**To do**.
Filter the entries and keep only the lines where the string "Pink" appears.

Records from a collection
---*---

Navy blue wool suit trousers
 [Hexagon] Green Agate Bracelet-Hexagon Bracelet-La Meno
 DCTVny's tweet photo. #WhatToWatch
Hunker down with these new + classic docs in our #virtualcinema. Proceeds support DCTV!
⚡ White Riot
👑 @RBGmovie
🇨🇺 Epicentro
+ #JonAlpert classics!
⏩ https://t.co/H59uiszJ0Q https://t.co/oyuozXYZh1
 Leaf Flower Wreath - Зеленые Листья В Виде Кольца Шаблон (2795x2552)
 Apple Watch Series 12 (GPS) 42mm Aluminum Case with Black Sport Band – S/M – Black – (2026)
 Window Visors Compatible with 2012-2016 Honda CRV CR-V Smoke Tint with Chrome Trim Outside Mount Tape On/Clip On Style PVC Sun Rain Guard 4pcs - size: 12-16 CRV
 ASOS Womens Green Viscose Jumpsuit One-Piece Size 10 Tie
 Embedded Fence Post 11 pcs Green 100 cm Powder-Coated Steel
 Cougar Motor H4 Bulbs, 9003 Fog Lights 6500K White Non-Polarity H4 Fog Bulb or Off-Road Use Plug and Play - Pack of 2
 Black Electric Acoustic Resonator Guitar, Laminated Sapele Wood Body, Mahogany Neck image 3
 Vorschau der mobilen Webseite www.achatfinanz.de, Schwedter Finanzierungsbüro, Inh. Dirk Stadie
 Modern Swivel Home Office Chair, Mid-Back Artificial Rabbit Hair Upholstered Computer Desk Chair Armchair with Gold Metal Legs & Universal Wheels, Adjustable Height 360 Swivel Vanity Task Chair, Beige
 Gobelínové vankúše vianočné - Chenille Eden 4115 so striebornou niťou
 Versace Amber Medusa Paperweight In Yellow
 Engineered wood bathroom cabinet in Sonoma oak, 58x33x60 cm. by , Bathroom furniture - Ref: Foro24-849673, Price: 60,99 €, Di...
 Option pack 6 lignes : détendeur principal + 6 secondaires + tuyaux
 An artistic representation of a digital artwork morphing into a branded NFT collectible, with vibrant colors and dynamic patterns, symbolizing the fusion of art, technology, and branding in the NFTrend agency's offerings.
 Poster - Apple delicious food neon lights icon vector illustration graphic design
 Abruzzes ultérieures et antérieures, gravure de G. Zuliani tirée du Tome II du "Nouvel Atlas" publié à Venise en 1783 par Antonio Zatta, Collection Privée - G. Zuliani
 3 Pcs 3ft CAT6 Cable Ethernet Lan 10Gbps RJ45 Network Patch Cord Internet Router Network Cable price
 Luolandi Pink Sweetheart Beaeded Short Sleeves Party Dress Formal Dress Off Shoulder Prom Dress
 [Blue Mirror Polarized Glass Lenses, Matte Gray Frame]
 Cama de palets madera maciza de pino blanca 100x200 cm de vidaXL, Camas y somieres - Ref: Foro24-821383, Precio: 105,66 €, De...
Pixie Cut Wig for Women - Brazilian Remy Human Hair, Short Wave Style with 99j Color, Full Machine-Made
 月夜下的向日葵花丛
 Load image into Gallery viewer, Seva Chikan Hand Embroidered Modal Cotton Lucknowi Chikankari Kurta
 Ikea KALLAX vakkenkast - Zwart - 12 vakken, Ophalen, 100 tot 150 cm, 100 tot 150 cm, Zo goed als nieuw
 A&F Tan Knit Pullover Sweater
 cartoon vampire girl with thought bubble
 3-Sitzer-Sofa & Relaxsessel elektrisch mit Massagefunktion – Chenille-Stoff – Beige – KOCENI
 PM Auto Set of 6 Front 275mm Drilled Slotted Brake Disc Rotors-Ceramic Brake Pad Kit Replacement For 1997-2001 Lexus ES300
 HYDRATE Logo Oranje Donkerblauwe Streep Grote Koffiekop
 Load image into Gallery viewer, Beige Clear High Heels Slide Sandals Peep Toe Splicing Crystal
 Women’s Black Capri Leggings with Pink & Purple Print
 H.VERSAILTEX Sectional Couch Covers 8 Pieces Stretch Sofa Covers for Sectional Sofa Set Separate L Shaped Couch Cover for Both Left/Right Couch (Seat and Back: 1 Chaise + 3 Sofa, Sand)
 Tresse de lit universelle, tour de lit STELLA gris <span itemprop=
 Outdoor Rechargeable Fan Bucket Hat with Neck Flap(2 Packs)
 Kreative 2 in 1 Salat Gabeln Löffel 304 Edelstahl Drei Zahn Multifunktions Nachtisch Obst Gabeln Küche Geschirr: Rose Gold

---*---

**Task response**.
 Luolandi Pink Sweetheart Beaeded Short Sleeves Party Dress Formal Dress Off Shoulder Prom Dress
 Women’s Black Capri Leggings with Pink & Purple Print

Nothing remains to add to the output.